The only legal way the Georgia Supreme Court could let the Tricoli opinion — conferring sovereign immunity on state officials to commit crimes in contradiction of the Supreme Court precedents — stand is take up the case and reverse Caldwell and Dorsey. Instead, the whole GOP-appointed judiciary ignored those binding decisions, and the Georgia Supreme Court let the Court of Appeals opinion stand, in violation of the Georgia Constitution the justices were sworn to uphold.
You shouldn’t be surprised to learn, at this point, that I have been slapped with a sanctions order for arguing Georgia jurists have to follow Caldwell and Dorsey — because the Georgia Constitution says so. Attorney General Chris Carr sought the sanctions order, and the Georgia Supreme Court saddled me with it, even though neither of them can respond to the documented allegations of criminality or the legal authority supporting the RICO claims.
Sanctioning an attorney whose position is supported by evidence and legal authority is prohibited by OCGA § 9-15-14(c). It is also prohibited by the First Amendment to the U.S. Constitution, and OCGA § 9-11-11.1, the Georgia statute embodying the right to speak out on issues of public importance and petition the courts for redress of grievances. Every court at every level — the trial court, the Court of Appeals, and the Supreme Court — all refused to even consider the First Amendment protection or follow any of the procedures required by Georgia’s First Amendment protection statute.
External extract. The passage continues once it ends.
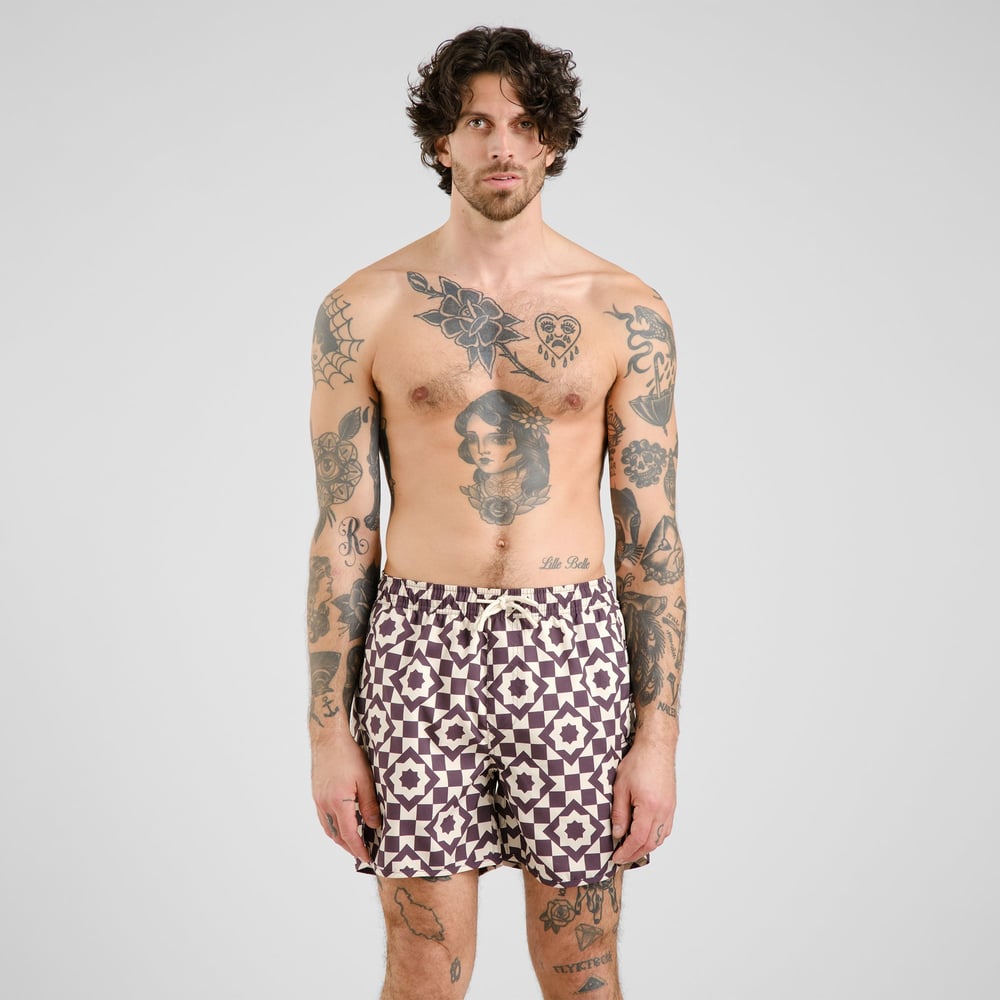 Swim Shorts Sandhamn Mosaic Star Plum Purple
Meanwhile, the same phantom, unconstitutional immunity for RICO felonies was used to dismiss the Benedek v. Adams case without a trial, immunizing documented evidence and witness tampering, perjury, and identity fraud, mail fraud, wire fraud, and computer fraud committed by state officials.
Then there is the phantom KSU case, also dismissed without a trial or presentation of the evidence to a jury, on the grounds that state officials enjoy sovereign immunity for financial fraud, bribery, and extortion. That is the case in which Kennesaw State University (KSU) faculty sought to block the University System of Georgia (USG) appointment of former attorney general Sam Olens — after Olens obstructed criminal investigation of the USG financial fraud in the Tricoli case.
Attorney General Chris Carr, Olens’ replacement appointed by Governor Nathan Deal, never filed a single response in the KSU case to documented allegations — thus its phantom appellation.
In a legitimate legal world, this failure to respond would result in a default judgment against the state. Yet every court at every level in Georgia ruled in favor of the attorney general — in one-sentence orders with no explanation. When the Phantom KSU case reached the Georgia Supreme Court, the justices (some of them with previously admitted conflicts in the related Tricoli case) refused to review the case, even though this illegal de facto conferring of sovereign immunity for criminal conduct violates the Supreme Court’s own precedents — and thus violates the Georgia Constitution. Is anyone starting to smell anti-constitutional corruption in the woodwork yet?
Lower courts have had a difficult time trying to make sense of the sovereign immunity quagmire created by the Lathrop/Sustainable Coast/Tricoli trilogy of opinions conferring sovereign immunity on the state for everything wrong but the kitchen sink.
Lower court struggles have brought us such gems as sovereign immunity barring a lawsuit by an inmate who state authorities intentionally held in prison 17 months past the completion of his sentence.
Then there is the case that is really going to come home to roost for former attorney general Olens and former secretary of state Brian Kemp — the sovereign immunity ruling that forbade Georgia citizens from going to court to force the state to close open, obvious, and documented vulnerabilities in the state’s election infrastructure that allowed Russian military intelligence hackers to waltz right in soon after Kemp hosted Russian Ambassador Sergey Kislyak on a tour of the Center for Election Systems on the KSU campus in April of 2016.
The Georgia Supreme Court is also struggling with its own twisted Originalist logic, and just had another hundred-page wrestling match with itself to explain why the city of Valdosta could effectively sue a state entity, Lowndes County, in spite of sovereign immunity, by merely naming an individual county official in place of the county itself. The legislature has got a lot of fixing to do if we don’t fix the origin of the problem: Georgia Supreme Court justices who are wantonly violating the oath of office they took to uphold the current constitutions of Georgia and the United States, not the Confederate one.
So back to the question: Should Georgia citizens vote in favor of the referendum to allow an amendment to the Georgia Constitution to include a provision that is already written in it?
The answer is Yes, if we want to take the easiest open road to restore a citizen’s right to challenge unconstitutional acts backed by the power of the state — a right the Georgia Supreme Court has illegitimately usurped, according to the Georgia Constitution as it is written today.
If citizens really want to address the problem at the source, the illegitimate and unconstitutional actions of the Georgia Supreme Court, backed by legally-illiterate governors consolidating their fortress of unassailable political power, that alternate route will require some heavy bulldozing.
Attorney Humphreys, like Justice Blackwell, graduated summa cum laude, first in his class from the UGA School of Law.